Il metodo di Dio
Partendo dalla Seconda Lettera ai Corinzi di Paolo – quella in cui l’apostolo delle genti parla della sua 'spina', della oscura sofferenza che lo tormenta, e però conclude «quando sono debole, è allora che sono forte» – il Papa ha ricordato che proprio quando si sperimenta la propria debolezza si manifesta la forza di Dio. «Non è la potenza dei nostri mezzi, delle nostre virtù, delle nostre capacità che realizza il regno di Dio, ma è Dio che opera meraviglie attraverso la nostra debolezza, la nostra inadeguatezza», ha detto.
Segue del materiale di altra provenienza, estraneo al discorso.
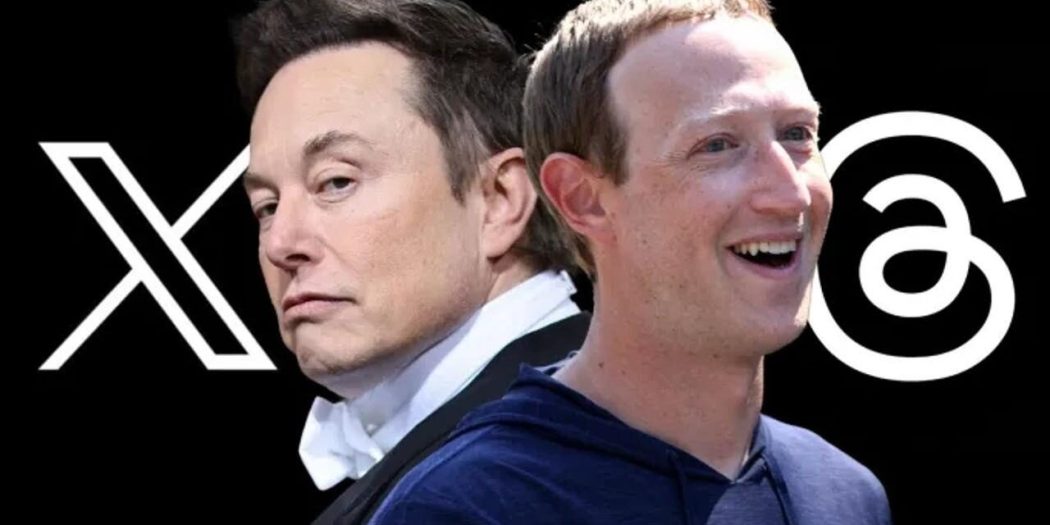 Elon Musk Facebook’a sataştı: Dünyayı manipüle ediyor!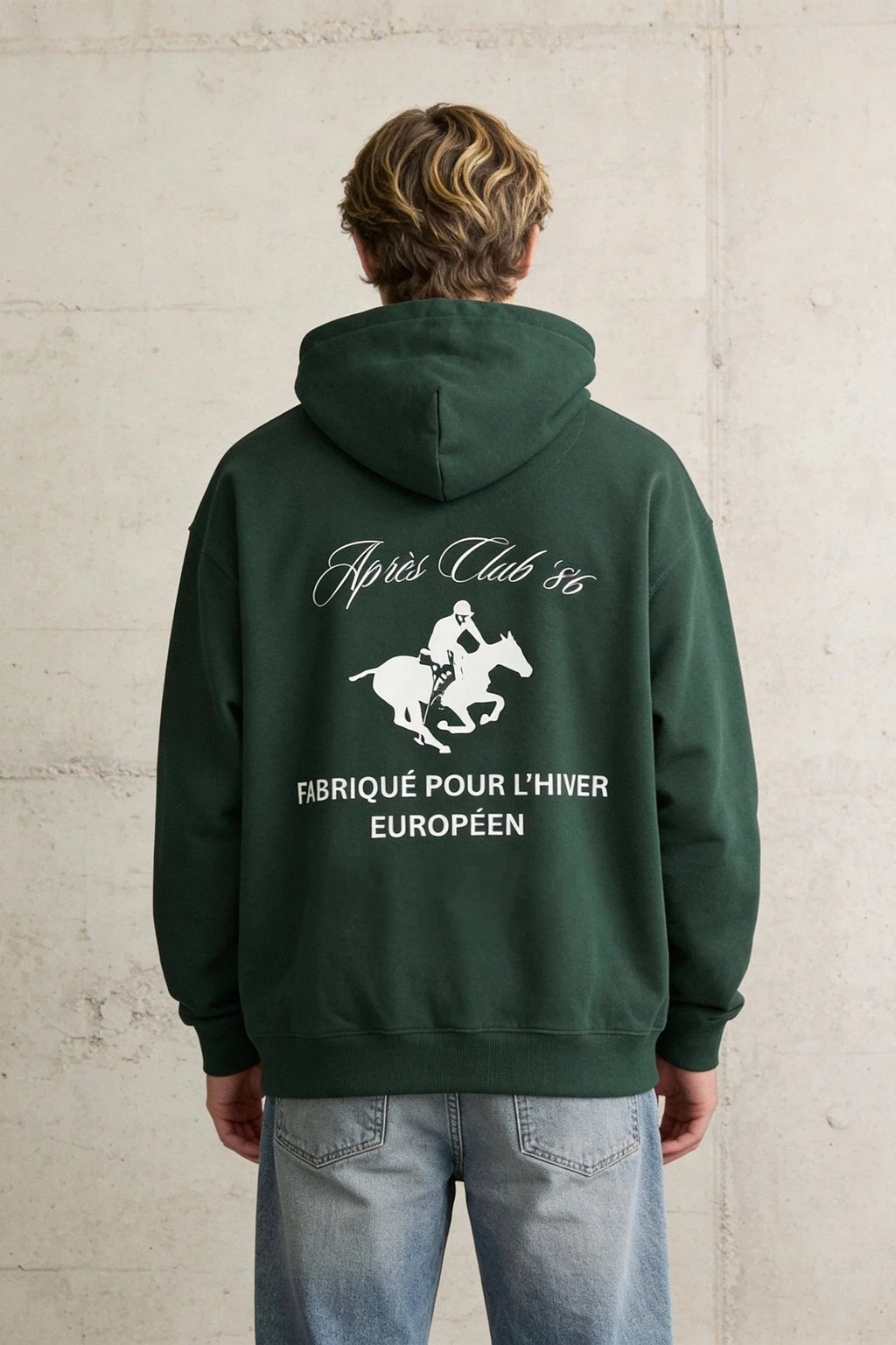 rn-image_picker_lib_temp_a0d09de1-48f0-40f7-82fb-7e25603434ce - BRITIVO Official Online Store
Il 'metodo' di Dio dunque non si fonda sulla nostra bravura o coerenza, ma proprio, dentro alla preghiera, sul riconoscersi poveri e impotenti, e quindi domandare. E certo, lo aveva già insegnato Paolo; ma quanto noi cristiani continuamente ce lo dimentichiamo. Quanti, e magari fra i più assidui in chiesa, ne incontri, fieri delle proprie virtù, e amareggiati magari dal come stranamente quelle virtù non si trasmettano ai figli, che se ne vanno per un’altra strada. E l’amarezza, allora: siamo stati fedeli, coerenti, casti, siamo stati 'bravi', e cosa ci ritroviamo fra le mani? (Quell’amarezza che poi allontana anche chi si avvicini, perché non è mai la tristezza, che affascina e converte).
La oscura spina di cui scrive Paolo ai Corinzi contiene lo straordinario metodo di Dio, che, si direbbe, attende semplicemente che noi allunghiamo verso di lui la mano, come fanno i bambini con la madre, quando sono caduti. L’umiltà di quella mano vuota, è il vuoto che Dio riempie con la sua grazia. Grazia che moltiplica i frutti dell’opera degli uomini; come accadde a Paolo, perseguitato, incarcerato, che pure contagiò con il cristianesimo tutte le terre in cui mise piede. Paolo, che se avesse fatto conto solo su se stesso sarebbe stato, dalla storia, da tempo dimenticato. Paolo, che proprio come noi avrebbe voluto essere, dal suo male, semplicemente liberato; giacché poi – pensava, come noi – allora sì, sarebbe stato forte, libero, potente. E invece nella compagnia di una a noi sconosciuta sofferenza imparò l’abbandono, e la domanda del bambino; imparò in sé il metodo di Dio.